Problem.30. Let $X$ be the set of all points in the plane which have at least one rational coordinate. Show that $X$, with the induced topology, is a connected space.

考虑任意两点，取有理分量构造折线段即可。

# 31-40

Problem.31. Give the set of real numbers the finite-complemenet topology. What are the components of the resulting space? Answer the same question for the half-open interval topology.

对于有限补空间，只有一个连通分支。假设全空间不连通，则存在既开又闭的非平凡子集，矛盾。对于半开区间拓扑，首先全空间不连通，因为其可以拆解成 $(-\infty,a)\cup[a,\infty)$ 为两个开集的不交并。进一步可以看到 $[a,b)$ 也不连通，所以只能有单点集是连通分支。

Problem.32. If $X$ has only a finite number of components, show that each component is both open and closed. Find a space none of whose components are open sets.

连通分支构成 $X$ 的划分，闭集的有限并仍然是闭集。考虑 Problem 31 的半开拓扑，则其连通分支都是单点集，但单点集不是开集。

Problem.33. (Intermediate value theorem). If $f:[a,b]\to\mathbb R^1$ is a map such that $f(a)<0$ and $f(b)>0$, use the connectedness of $[a,b]$ to establish the existence of a point $c$ for which $f(c)=0$.

连续映射保持连通性。

Problem.34. A space $X$ is locally connected (局部连通) if for each $x\in X$, and each neighbourhood $U$ of $x$, there is a connected neighbourhood $V$ of $x$ which is contained in $U$. Show that any euclidean space, and therefore any space which is locally euclidean (like a surface), is locally connected. If $X=\{0\}\cup\{1/n:n=1,2,\ldots\}$ with the subspace topology from the real line, show that $X$ is not locally connected.

Euclid 空间是局部连通的，因为任意开球都是连通的。同胚保持连通性，因此局部 Euclid 空间也是局部连通的。对于 $X$，在 $0$ 处不是局部连通的。

Problem.35. Show that local connectedness is preserved by a homeomorphism, but need not be preserved by a continuous function.

这正是 Problem 34 要证明的问题。因为同胚保持开集和连通性，如果 $A$ 是局部连通的，并且 $A\cong B$，那么对于任意 $x\in B$ 及其邻域 $U$，取 $f^{-1}(U)=V\subseteq A$，则 $f^{-1}(x)\in V$ 且由局部连通性知道存在连通邻域 $W\subseteq V$，因此 $f(W)\subseteq U$ 是 $x$ 的连通邻域。
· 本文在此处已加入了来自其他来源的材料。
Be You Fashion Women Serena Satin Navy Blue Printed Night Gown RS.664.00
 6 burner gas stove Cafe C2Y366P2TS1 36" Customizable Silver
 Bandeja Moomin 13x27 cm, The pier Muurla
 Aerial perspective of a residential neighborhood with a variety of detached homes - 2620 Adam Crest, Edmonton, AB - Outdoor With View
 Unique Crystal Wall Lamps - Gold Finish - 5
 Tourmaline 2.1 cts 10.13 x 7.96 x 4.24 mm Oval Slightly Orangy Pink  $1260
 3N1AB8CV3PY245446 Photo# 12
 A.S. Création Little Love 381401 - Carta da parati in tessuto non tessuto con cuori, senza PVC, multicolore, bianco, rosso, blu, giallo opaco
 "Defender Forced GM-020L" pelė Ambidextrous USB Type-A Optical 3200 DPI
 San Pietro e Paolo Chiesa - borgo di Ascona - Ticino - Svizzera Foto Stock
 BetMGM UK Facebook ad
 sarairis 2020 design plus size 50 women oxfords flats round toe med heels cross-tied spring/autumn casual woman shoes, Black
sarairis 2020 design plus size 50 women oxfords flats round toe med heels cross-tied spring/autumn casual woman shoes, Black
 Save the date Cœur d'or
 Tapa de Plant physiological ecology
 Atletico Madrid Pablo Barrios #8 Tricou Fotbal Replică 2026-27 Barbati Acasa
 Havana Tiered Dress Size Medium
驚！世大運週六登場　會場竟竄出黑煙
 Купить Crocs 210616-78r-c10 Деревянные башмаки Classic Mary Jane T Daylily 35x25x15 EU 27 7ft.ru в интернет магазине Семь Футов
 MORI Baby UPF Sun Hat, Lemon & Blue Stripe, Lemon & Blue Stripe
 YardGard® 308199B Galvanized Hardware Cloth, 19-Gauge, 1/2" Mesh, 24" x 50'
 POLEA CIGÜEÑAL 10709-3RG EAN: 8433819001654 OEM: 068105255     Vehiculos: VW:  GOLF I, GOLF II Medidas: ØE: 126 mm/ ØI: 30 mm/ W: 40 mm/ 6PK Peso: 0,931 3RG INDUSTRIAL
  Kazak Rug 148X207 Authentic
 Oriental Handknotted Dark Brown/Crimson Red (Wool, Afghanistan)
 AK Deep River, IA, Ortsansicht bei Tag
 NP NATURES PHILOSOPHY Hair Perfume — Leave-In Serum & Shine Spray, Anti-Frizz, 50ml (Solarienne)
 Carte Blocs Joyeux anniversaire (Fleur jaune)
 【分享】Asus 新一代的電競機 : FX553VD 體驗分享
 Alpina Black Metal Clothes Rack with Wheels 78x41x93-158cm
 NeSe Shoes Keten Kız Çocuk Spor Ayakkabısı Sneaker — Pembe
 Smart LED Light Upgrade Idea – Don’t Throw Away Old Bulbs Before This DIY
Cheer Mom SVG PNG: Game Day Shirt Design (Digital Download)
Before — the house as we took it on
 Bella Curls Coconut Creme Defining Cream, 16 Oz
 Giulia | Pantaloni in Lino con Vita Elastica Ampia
Problem.36. Show that $X$ is locally connected iff every component of each open subset of $X$ is an open set.

必要性。如果 $X$ 局部连通，则对于任意开子集 $U$ 作为子空间，其任一连通分支 $C$ 上取任意一点 $x\in C$，存在连通邻域 $V$，则 $V\cap C\neq \varnothing$，所以由连通分支定义知道，$V\subseteq C$，因此 $C$ 是开集。充分性。对于任意点 $x$ 及其邻域 $U$，则考虑 $U$ 的子空间拓扑，其上某一条连通分支 $C$ 包含 $x$，则 $C\subseteq U$ 是开集，且是 $x$ 的连通邻域。

Problem.37. Show that the continuous image of a path-connected space is path-connected.

连续像指的是一个连续函数作用在这个空间上得到的像空间。对于像空间的任意两点 $x,y$，考虑原像空间的两点（不一定唯一）使得 $f(x_0)=x,f(y_0)=y$，由路径连通性，存在路径连接 $x_0,y_0$，将该路径映射到像空间即得到所求路径。

Problem.38. Show that $\mathbb S^n$ is path-connected for $n>0$.

对于球面任意两点，选取第三点作为极点，使用球极投影将两点映射到平面上，连接后再映射回球面即可。

Problem.39. Prove that product of two path-connected spaces is path-connected.

对于乘积空间的任意两点 $(x_1,y_1),(x_2,y_2)$，根据分量空间的道路连通性，可以选取道路，期间第二分量保持 $y_1$ 不变，这样就可以连接 $(x_1,y_1)$ 和 $(x_2,y_1)$；再选取道路，对第二分量同样操作即可。

Problem.40. If $A$ and $B$ are path-connected subsets of a space, and if $A\cap B$ is nonempty, prove that $A\cup B$ is path-connected.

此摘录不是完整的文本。